Eve Beringar is an agent with the S.O.E.
The time period for her involvement with the highly esteemed British Special Operations Executive is the Second World War. She had been living an interesting life already by the time we catch up with her in Marseille, France, in the Fall of 1942 and her life was about to get even more exciting and dangerous and fun to follow.
She gives us a very brief synopsis of her history with: "As a child, I'd run away from home. As a teenager, I'd travelled the world, living on my wits. As a journalist, I'd witnessed atrocities inflicted in the name of fascism. As a member of the Resistance, I'd eyeballed fear and stared it down. For the past thirty years I'd lived a full life. I could do this. However, even as I voiced my agreement I knew that my life in Marseille, my life with Michel [her husband], would never be the same."

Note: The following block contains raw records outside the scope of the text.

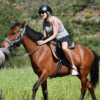 Horse Safari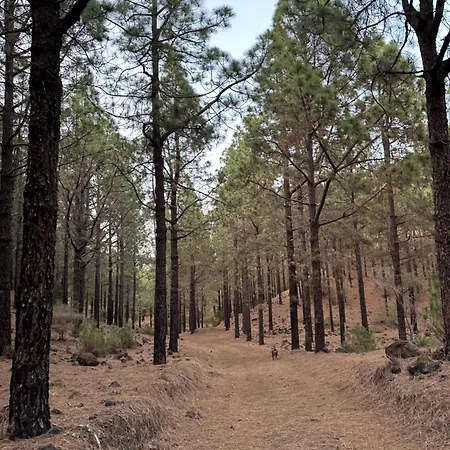 Zulia Suites, Masca, Teide Gigantes, Excursions, Ac, Wifi7 Apartmán *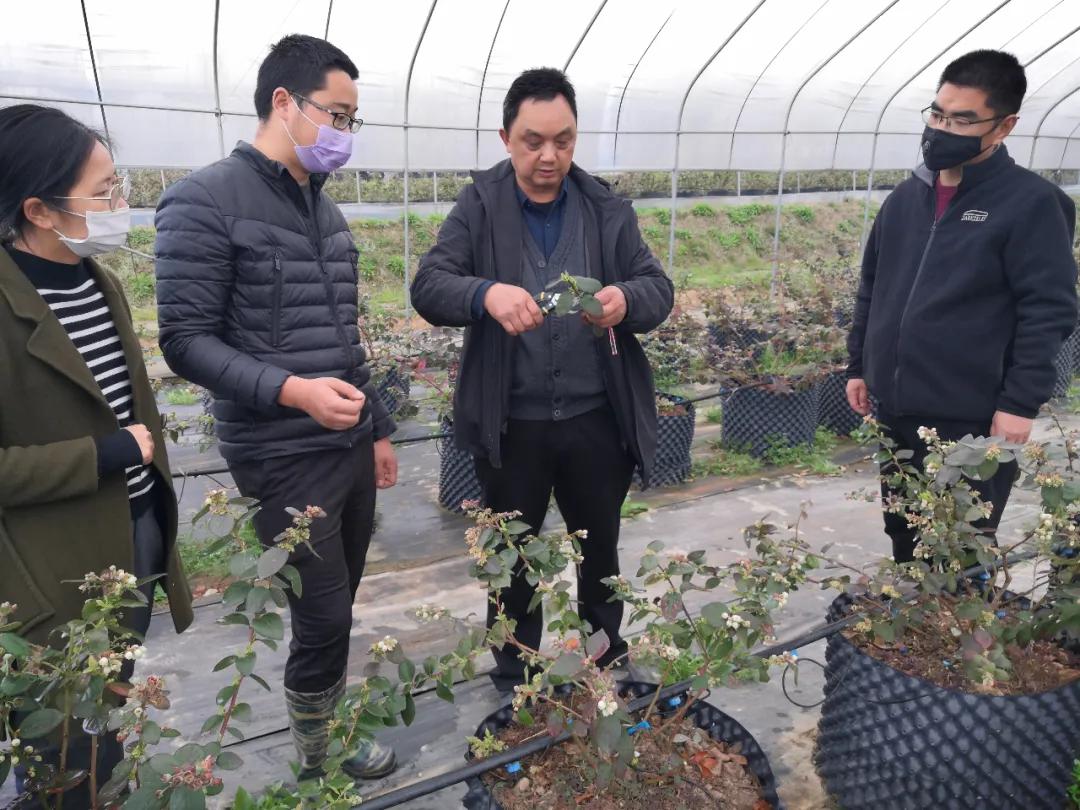 藍(lán)莓技術(shù)指導(dǎo)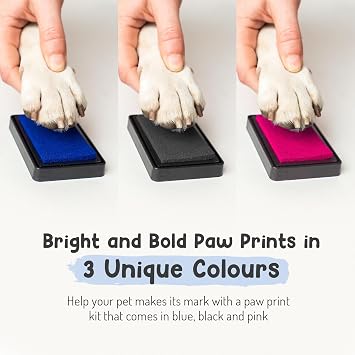 Forever Fun Times Easy-Clean Pet Paw Print Kit | Get Hundreds of Prints from One Low-Cost Paw Print Kit | 100% Safe and Pet-Friendly | No-Mess Paw Print Pad with a Choice of THREE (Big Green)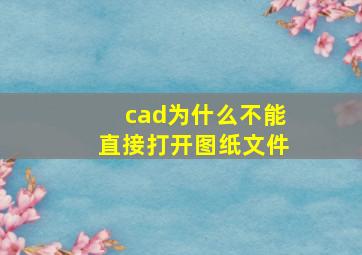 cad为什么不能直接打开图纸文件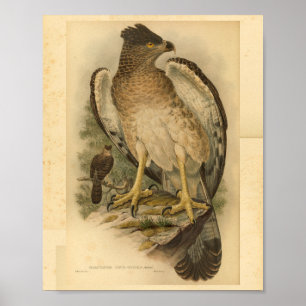 Póster Nueva Guinea Harpy Eagle Bird Color Vintage Print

In another, slightly longer detail of her history [on the Web], we learn Beringar, the youngest of six, was born in Wales in 1912. Her father died during the Great War and she grew up as a tomboy who did not fit into school well nor was she close to her mother. She ran away at age 16 and for the next couple of years worked as a nurse while learning how much fun pubs and men could be. In 1930, thanks for a nice small inheritance from an aunt, she crossed the Atlantic and learned some pleasures to be found in America. After a couple years as her funds were dwindling, she took course in journalism and easily found a job. In 1934 she was sent to Paris to be a European correspondent.
It was in 1938 while visiting the French Riviera for work and pleasure she met "playboy and successful industrialist Michel Beringar". A year later they were married and the year after that, 1940, the Nazis invaded France. Both she and Michel became part of the French Resistance and through their (largely her) efforts, several hundred downed airmen were secreted across the Pyrenees into Spain and eventual return to England. This earned her the attention of the Gestapo, making her job immensely more dangerous. It was after nearly two years of this vital but deadly work that her activities become part of this entry.